> [Activity] All lines from the one containing "Red Cotton Embroidered Straight Suit" through the final line of the records below should be reproduced exactly, with the pictures left out.

> [Data for the task]
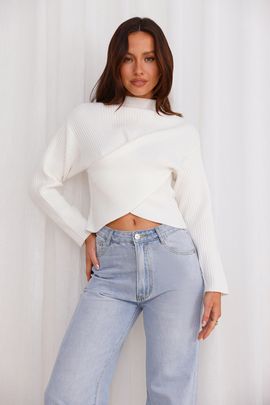 Hello Molly Winter Sun Sweater Top Cream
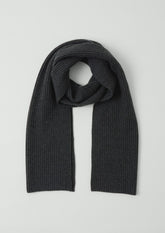 Wool Cashmere Fisherman Rib Scarf | Charcoal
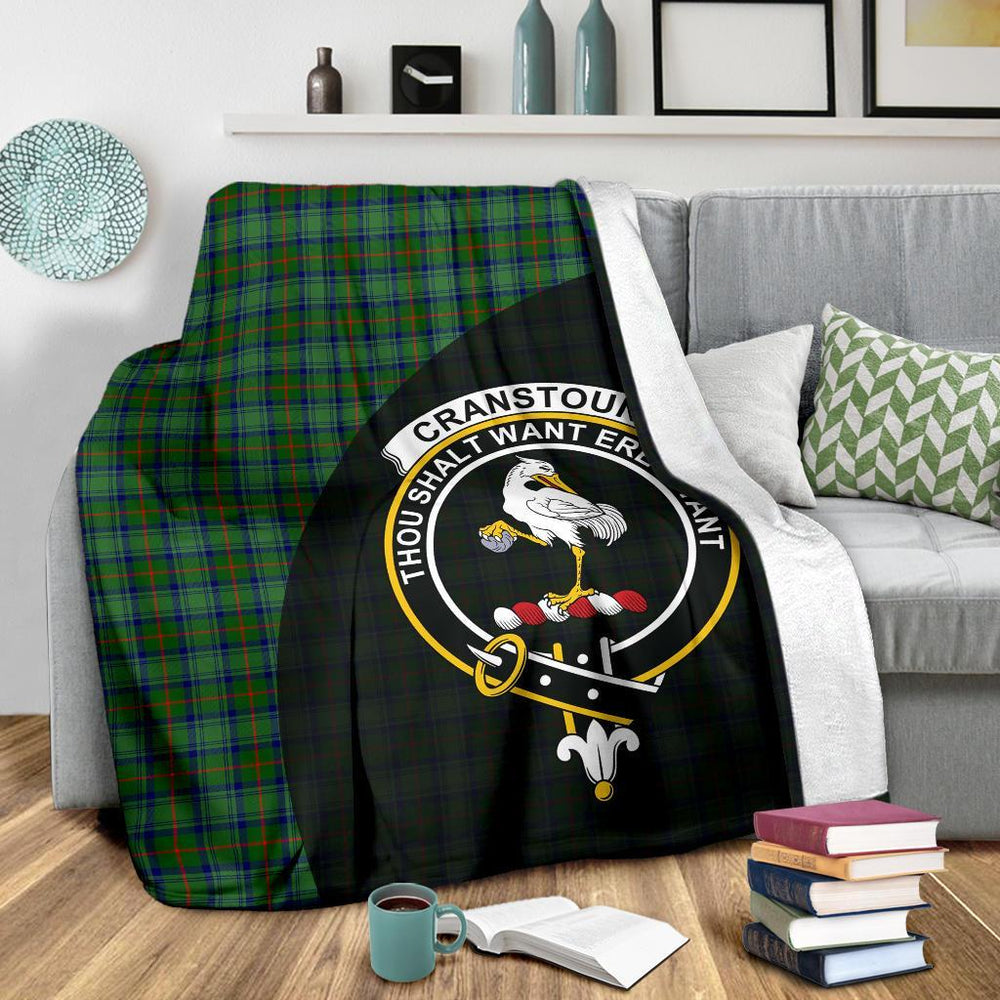 Clan Cranstoun Tartan Crest Blanket Wave Style ZC18 Clan Cranstoun Tartan Today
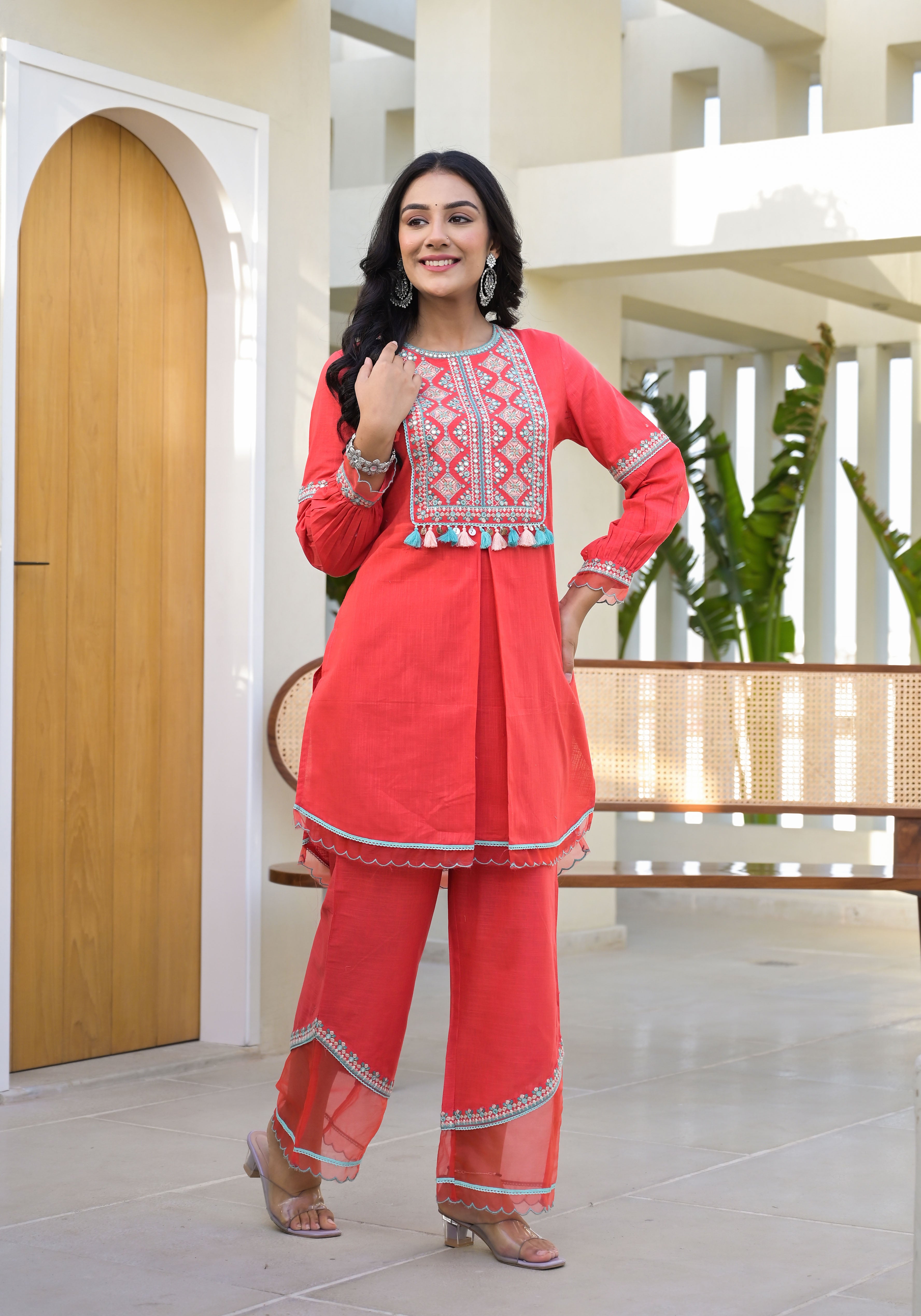 Red Cotton Embroidered Straight Suit
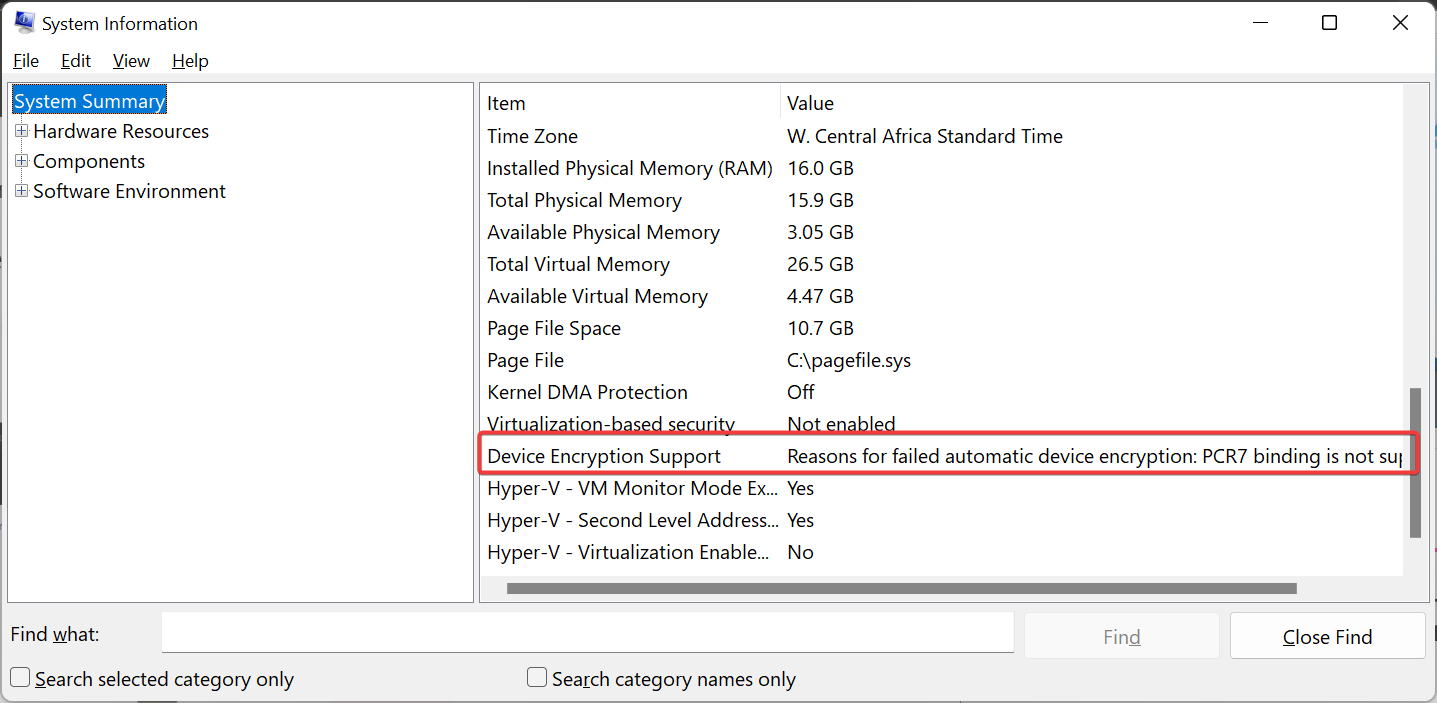 Поле причины ошибки автоматического шифрования устройства в Сведениях о системе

> [Written solution]
 Red Cotton Embroidered Straight Suit
 Поле причины ошибки автоматического шифрования устройства в Сведениях о системе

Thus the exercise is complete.